We can dig a bit more info on particular modules with the modinfo command:

# modinfo ip_tables
filename: /lib/modules/3.10.0-123.el7.x86_64/kernel/net/ipv4/netfilter/ip_tables.ko
description: IPv4 packet filter
author: Netfilter Core Team <coreteam@netfilter.org>
license: GPL
srcversion: 44A16130862F8CA2ECA59D9
depends:
intree: Y
vermagic: 3.10.0-123.el7.x86_64 SMP mod_unload modversions
signer: Fermi National Accelerator Laboratory: Scientific Linux kernel signing key
sig_key: 0E:88:DF:6B:94:F4:EB:C4:DC:8D:B7:7E:13:B0:6F:6C:C5:18:30:C6
sig_hashalgo: sha256
.
# modinfo e1000e | grep “^parm:”
parm: debug:Debug level (0=none,…,16=all) (int)
parm: copybreak:Maximum size of packet that is copied to a new buffer on receive (uint)
parm: TxIntDelay:Transmit Interrupt Delay (array of int)
parm: TxAbsIntDelay:Transmit Absolute Interrupt Delay (array of int)
parm: RxIntDelay:Receive Interrupt Delay (array of int)
parm: RxAbsIntDelay:Receive Absolute Interrupt Delay (array of int)
.
# modinfo e1000e | grep “^depends:”
depends: ptp

And we can check the current configuration of all modules with:

# modprobe -c                → for all modules

Sometimes we need to load kernel modules (i.e. to run some binary) that have not yet been loaded.

# modprobe -v fcoe
insmod /lib/modules/3.10.0-123.el7.x86_64/kernel/drivers/scsi/scsi_tgt.ko
insmod /lib/modules/3.10.0-123.el7.x86_64/kernel/drivers/scsi/scsi_transport_fc.ko
insmod /lib/modules/3.10.0-123.el7.x86_64/kernel/drivers/scsi/libfc/libfc.ko
insmod /lib/modules/3.10.0-123.el7.x86_64/kernel/drivers/scsi/fcoe/libfcoe.ko
insmod /lib/modules/3.10.0-123.el7.x86_64/kernel/drivers/scsi/fcoe/fcoe.ko

And very rarely we might need to unload certain modules:

# modprobe -r fcoe  → unload FCoE module if it is not used
# rmmod fcoe        → same as above
# rmmod -w fcoe     → if used, it waits until it isn’t and then unloads it

If we need to change the value of some input parameter for a module, we can do so as follows:

# lsmod | grep e1000g      → make sure module is not loaded and, if it is, unload it!
# modprobe e1000g InterruptThrottleRate=3000,3000,3000 debug=1

If we need to change some kernel module settings (i.e. load some modules at startup or change the values of their parameters), we can do so by adding scripts to the /etc/modprobe.d directory. For example, if we need the virtio-net kernel module loaded at startup, we can achieve that simply with the command:

# echo “virtio-net” > /etc/modprobe.d/virtio-net.conf
# cat /etc/modprobe.d/virtio-net.conf
virtio-net

At boot time, systemd scans all the files /etc/modprobe.d/*conf and the kernel modules included in them are loaded with any explicit parameters given.

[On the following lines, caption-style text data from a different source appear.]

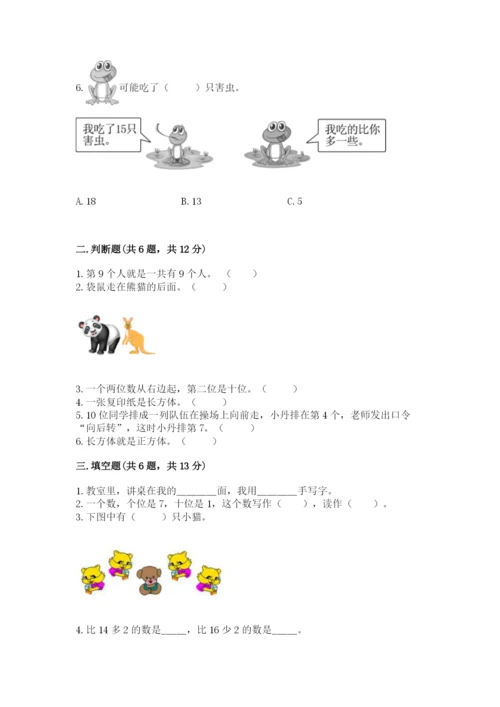 人教版一年级上册数学期末测试卷附完整答案（精品）.docx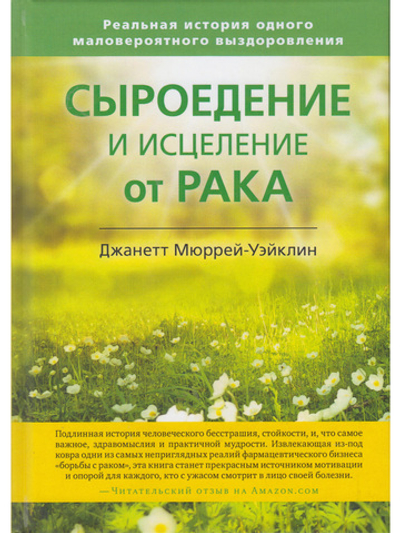 Сыроедение и исцеление от рака. Реальная история одного маловероятного выздоровления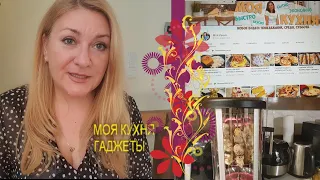 МОЯ КУХНЯ Любимые Гаджеты ЧТО ИСПОЛЬЗУЮ ЧАЩЕ ВСЕГО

As regards to kernel parameters, the categories vary system to system but the main ones are: dev, fs, kernel, net & sunrpc. In most systems the default kernel parameters are set to acceptable values. But we might want to change some of them to tighten up the security of the system or to enable it to run specific software (i.e. databases, web servers, etc).

To view all the kernel parameters and their current values we use:

# sysctl -a                   → list all parameters and values
abi.vsyscall32 = 1
crypto.fips_enabled = 0
debug.exception-trace = 1
debug.kprobes-optimization = 1
dev.cdrom.autoclose = 1
dev.cdrom.autoeject = 0
dev.cdrom.check_media = 0
dev.cdrom.debug = 0
[…]
.
# sysctl -a -r “^sunrpc”      → list parameters matching regexp
sunrpc.max_resvport = 1023
sunrpc.min_resvport = 665
sunrpc.nfs_debug = 0
sunrpc.nfsd_debug = 0
[…]
.
# sysctl -a -N -r “^crypto”   → just list the parameters, no values shown
crypto.fips_enabled
.
# sysctl -n kernel.hostname   → just list the value
orap1.company.net

The default values for kernel parameters are either hard-coded, determined at compilation time or set in the files underneath the directory /usr/lib/sysctl.d/.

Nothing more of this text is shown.